Science

High blood pressure may predict dementia risk

Seniors with high blood pressure may face a higher likelihood of developing a type of dementia, a new Canadian study suggests.

Seniors with high blood pressure may face a higher likelihood of developing a type of dementia, a new Canadian study suggests.

About one in five Canadians has high blood pressure. For years, doctors have known that hypertension is a risk factor for stroke. The new research suggests high blood pressure may also be a signal for behavioural changes and mental decline later in life. 

'This study may have profound implications for community dwellers with cognitive impairment, no dementia.'— Study's authors

The study, published in the February issue of Archives of Neurology, was based on data from the Canadian Study on Health and Aging.

Dr. Shahram Oveisgharan of the University of Western Ontario in London and colleagues studied 990 adults with an average age of 83 with cognitive impairment showing age-related brains changes, but no full dementia.
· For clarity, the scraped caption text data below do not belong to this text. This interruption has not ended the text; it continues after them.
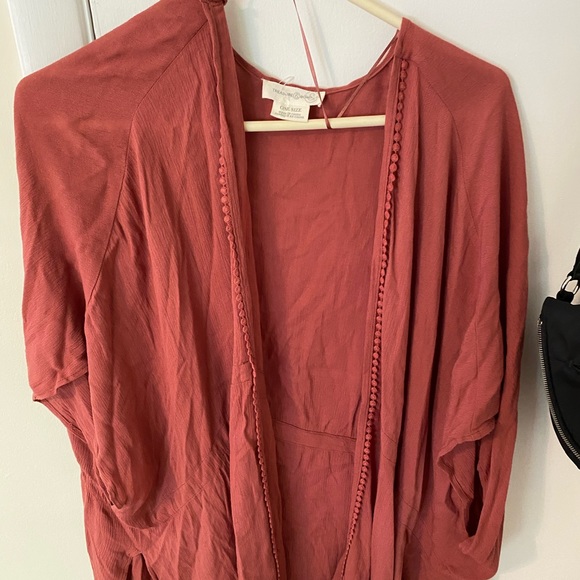 Nordstrom Cover-up company. Cute for sports, swimming a Extra hip layor. - Picture 1 of 4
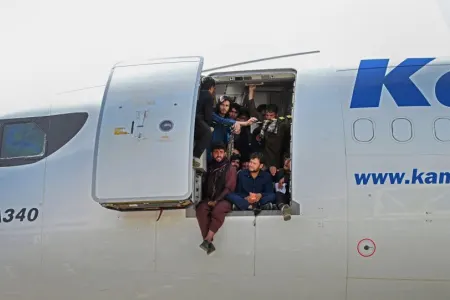 "Taliban" sabahdan Kabil hava limanına tam nəzarət edəcək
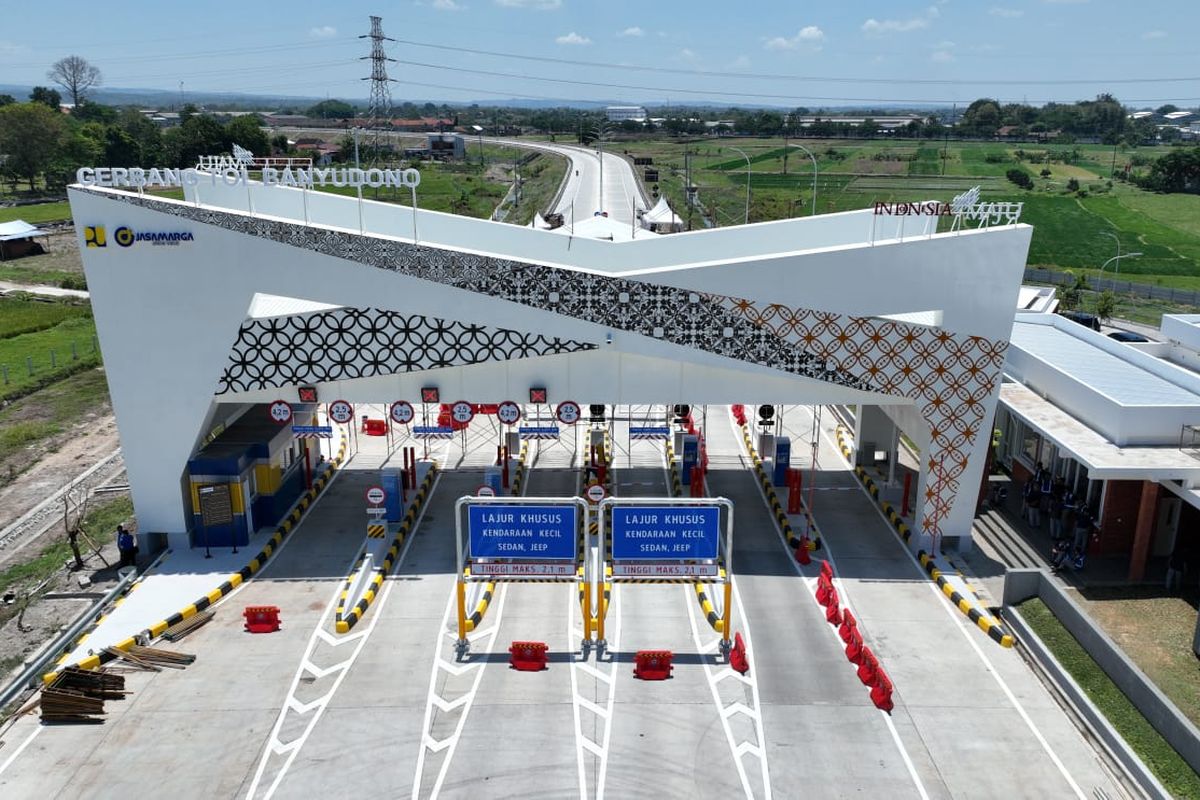 Jalan Tol Solo-Jogja Tahap 1 Segmen Kartasura-Klaten sepanjang 22,3 Km.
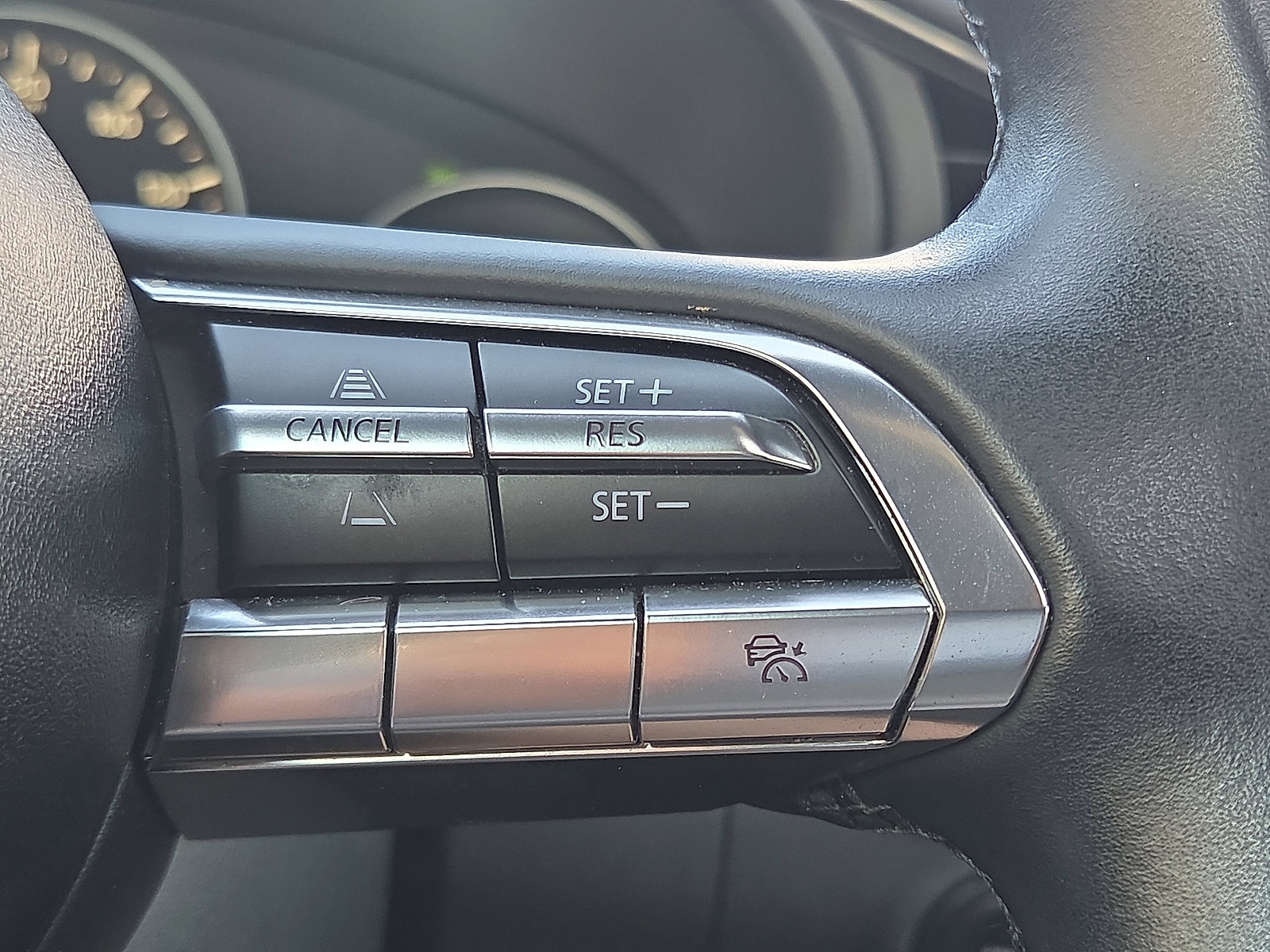 Used 2023 MAZDA MAZDA3 s image 15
They found mental decline came in two forms. People would become increasingly impaired in how they organize thoughts and make decisions, known as executive dysfunction, or they would start to lose their memory.

Among those with executive dysfunction only, the presence of hypertension was associated with an increased risk of developing dementia — 57.7 per cent of those with high blood pressure progressed to dementia, versus 28 per cent of those without.

Overall during the five-year followup period, dementia developed at about the same rate among participants with and without hypertension (59.5 per cent of those with high blood pressure versus 64.2 per cent of those without).

As well, no link was found for the memory loss type of mental decline.

Prevention strategy

"This study may have profound implications for community dwellers with cognitive impairment, no dementia," the study's authors concluded.

"We show herein that the presence of hypertension predicts progression to dementia in a subgroup of about one-third of subjects with cognitive impairment, no dementia."

There is no preventive or therapeutic way to mitigate the public burden of dementia, the researchers noted.

But treating those diagnosed with mild cognitive impairment with anti-hypertensive drugs could help reduce the rate of progression to dementia in the long term, the researchers proposed.

The team acknowledged limitations of the study. For example, about 10 per cent of the subjects refused detailed clinical exams. About 30 per cent of the subjects died over the course of the study, and their cognitive status was estimated from death certificates and interviews with their spouses or close relatives.

The research was supported by the Alzheimer's Association.